- _What needs to be done_
No pictures should appear in the copy. Reproduce exactly the lines from the one containing "Sport Sling in" through the end of the material below.

- _Data to use_
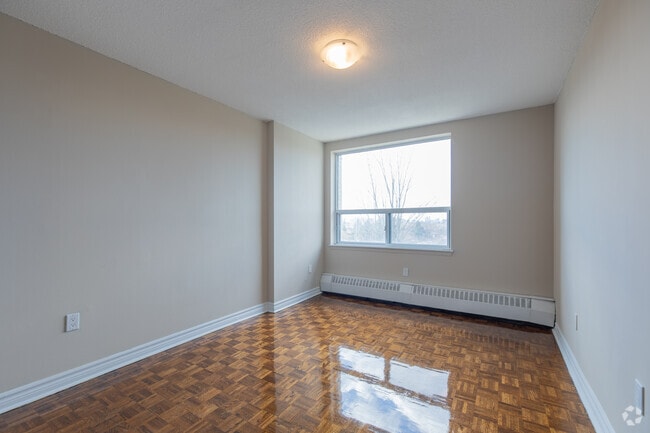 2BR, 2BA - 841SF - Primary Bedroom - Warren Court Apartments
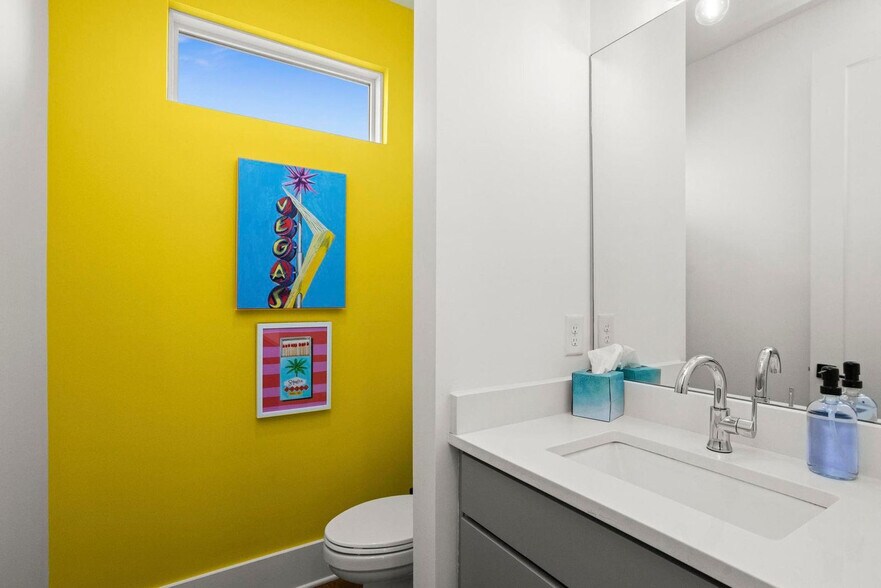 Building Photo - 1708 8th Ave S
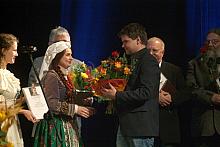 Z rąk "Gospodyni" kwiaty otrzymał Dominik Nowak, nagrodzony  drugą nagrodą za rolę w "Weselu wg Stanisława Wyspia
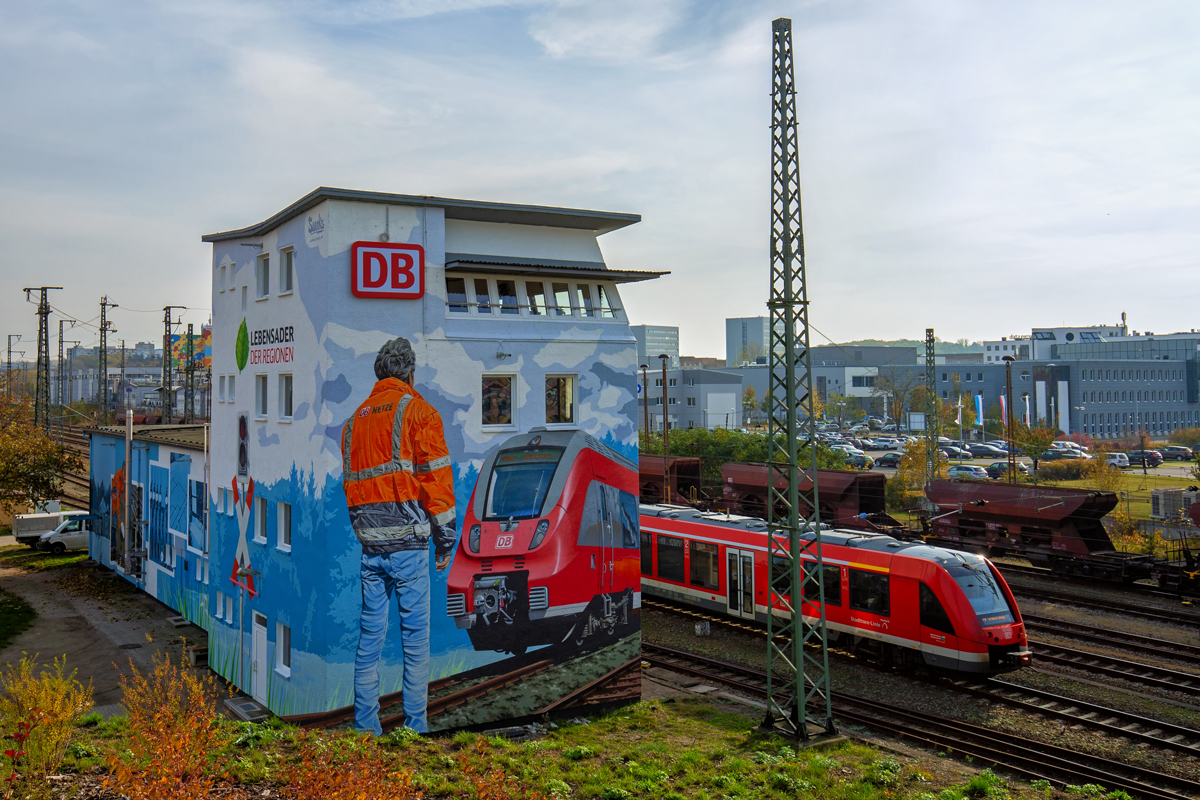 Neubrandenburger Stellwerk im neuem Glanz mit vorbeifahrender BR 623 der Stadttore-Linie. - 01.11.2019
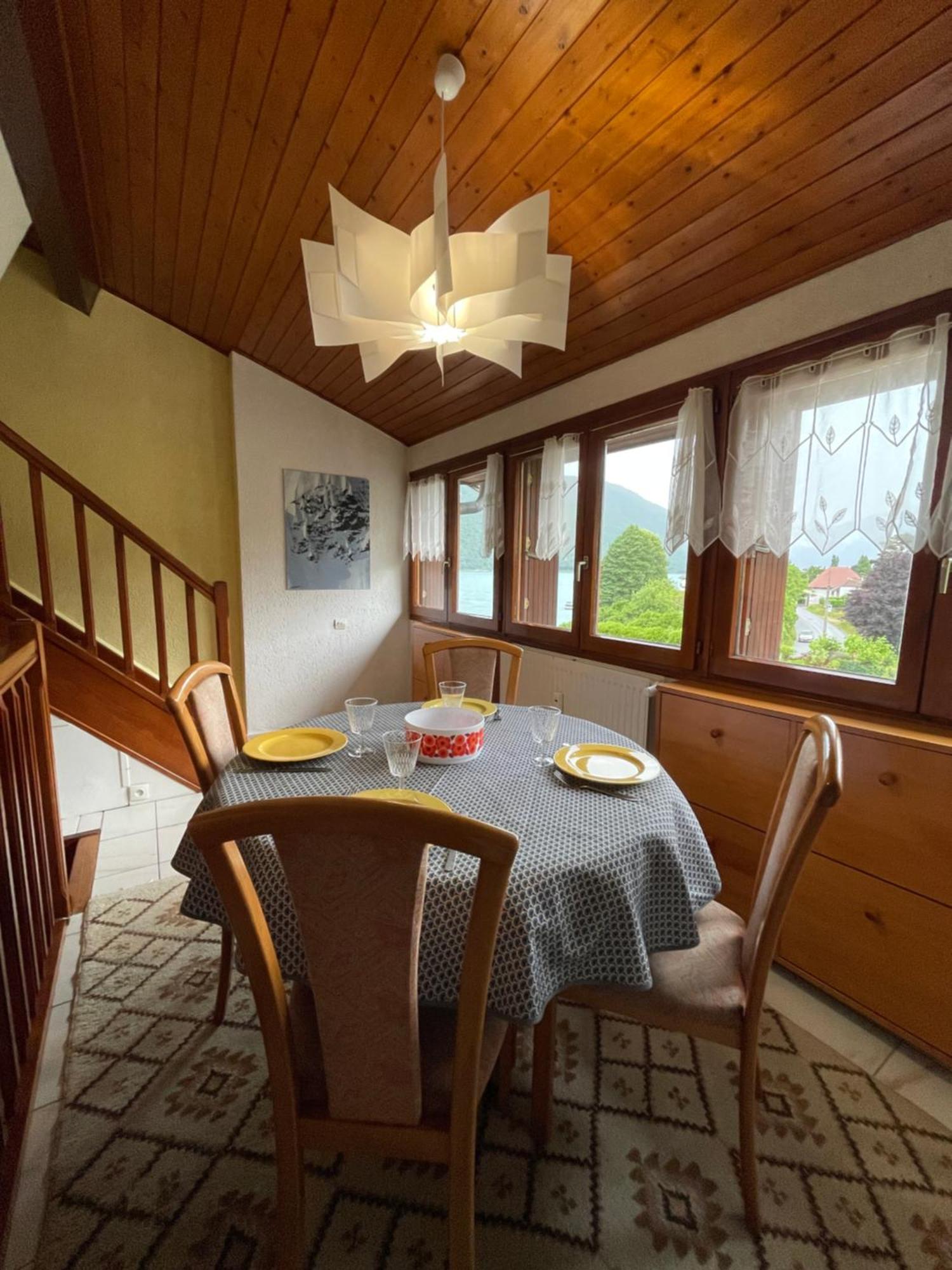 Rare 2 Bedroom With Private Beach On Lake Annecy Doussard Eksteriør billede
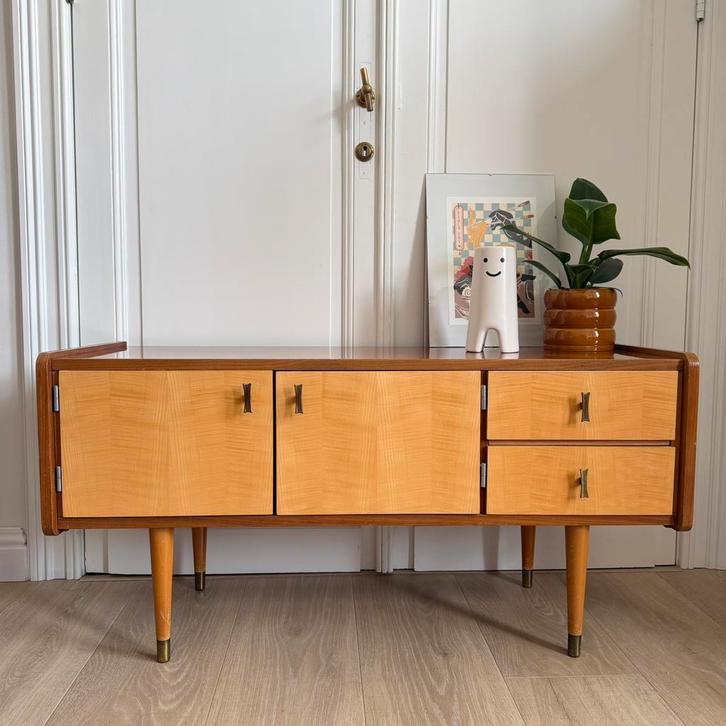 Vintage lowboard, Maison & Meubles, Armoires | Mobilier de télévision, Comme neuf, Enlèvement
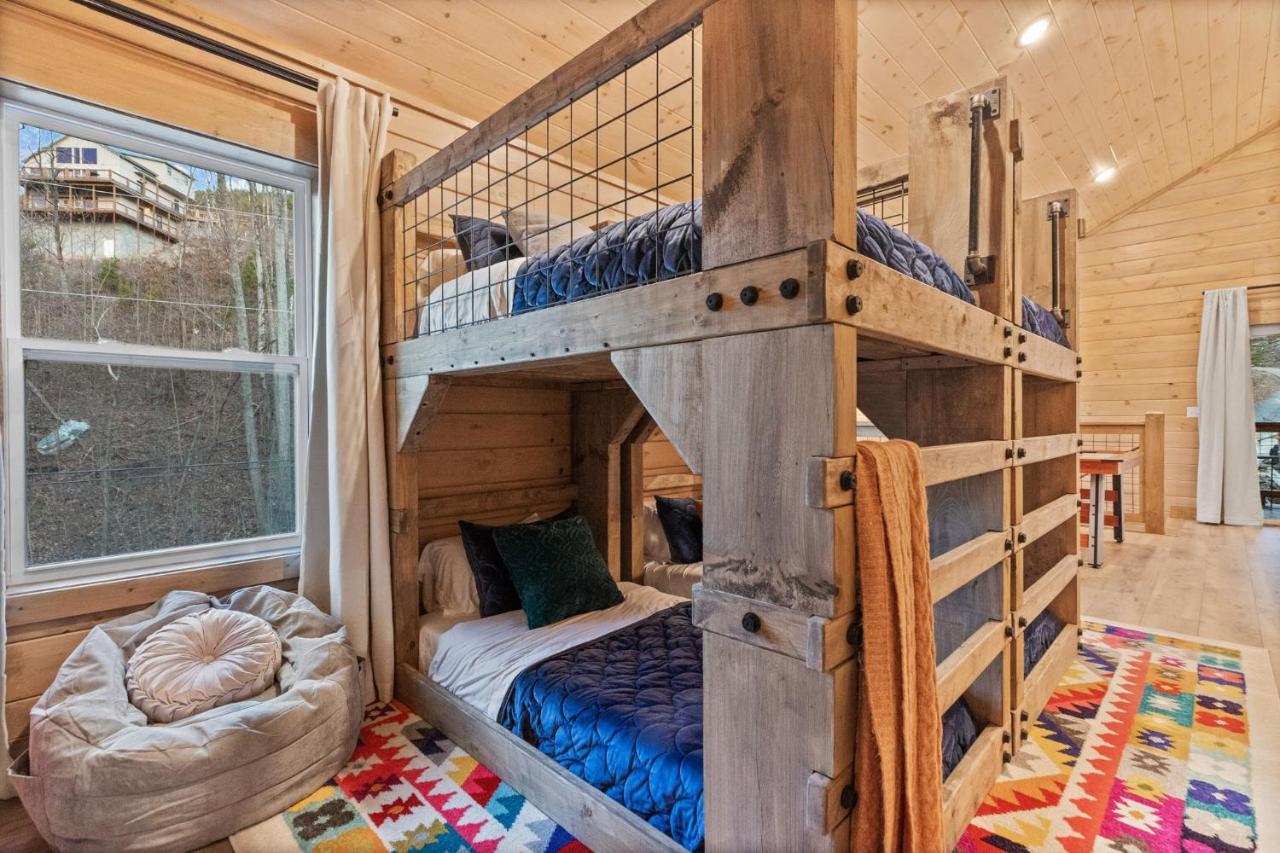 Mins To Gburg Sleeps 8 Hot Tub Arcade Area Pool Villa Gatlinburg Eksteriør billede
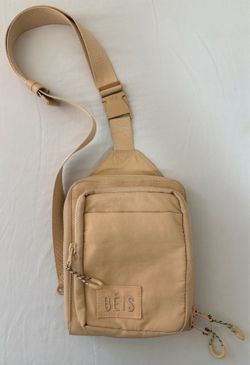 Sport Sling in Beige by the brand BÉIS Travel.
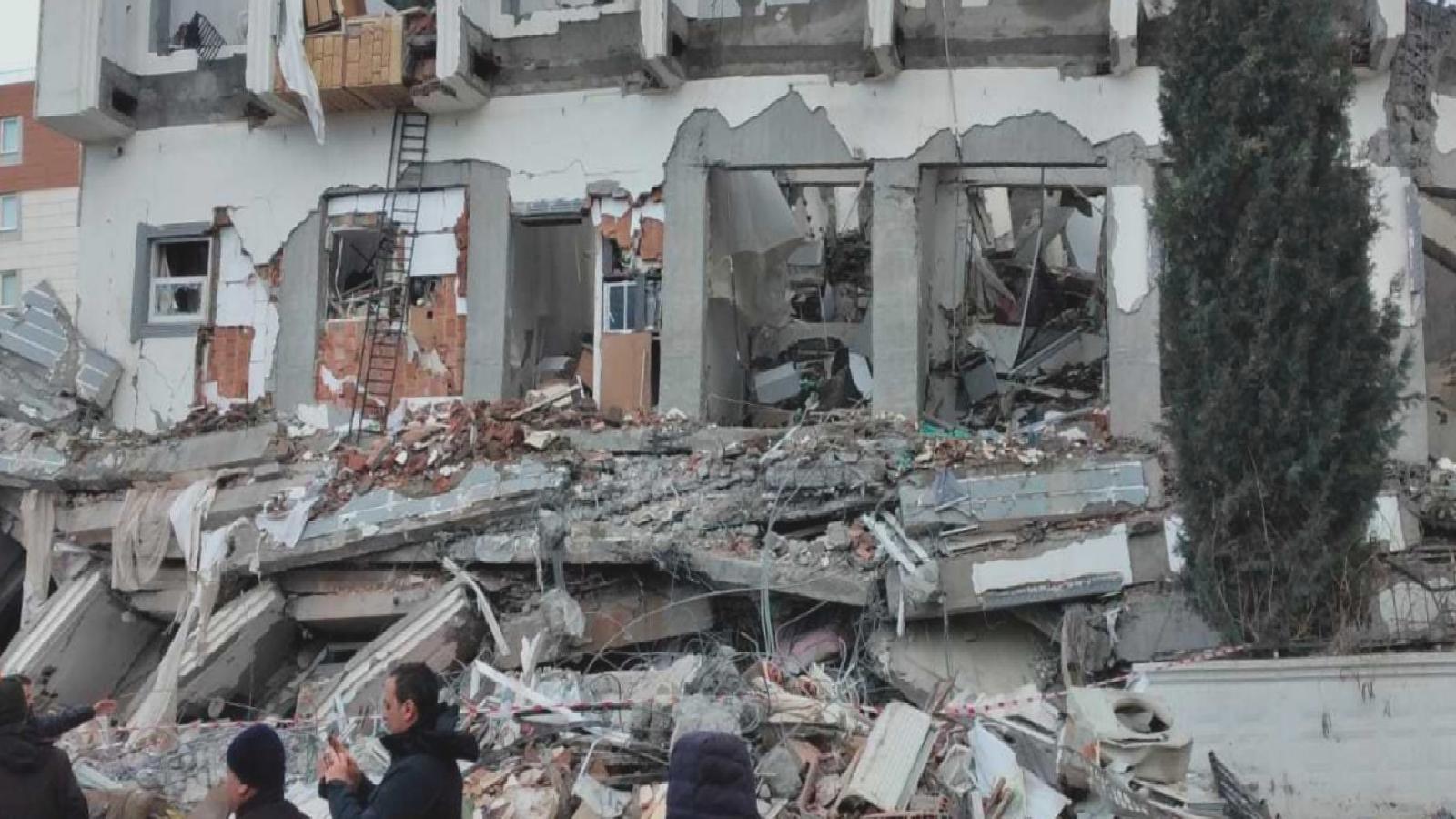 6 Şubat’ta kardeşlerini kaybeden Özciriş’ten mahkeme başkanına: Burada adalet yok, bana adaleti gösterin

- _Response to this task_
 Sport Sling in Beige by the brand BÉIS Travel.
 6 Şubat’ta kardeşlerini kaybeden Özciriş’ten mahkeme başkanına: Burada adalet yok, bana adaleti gösterin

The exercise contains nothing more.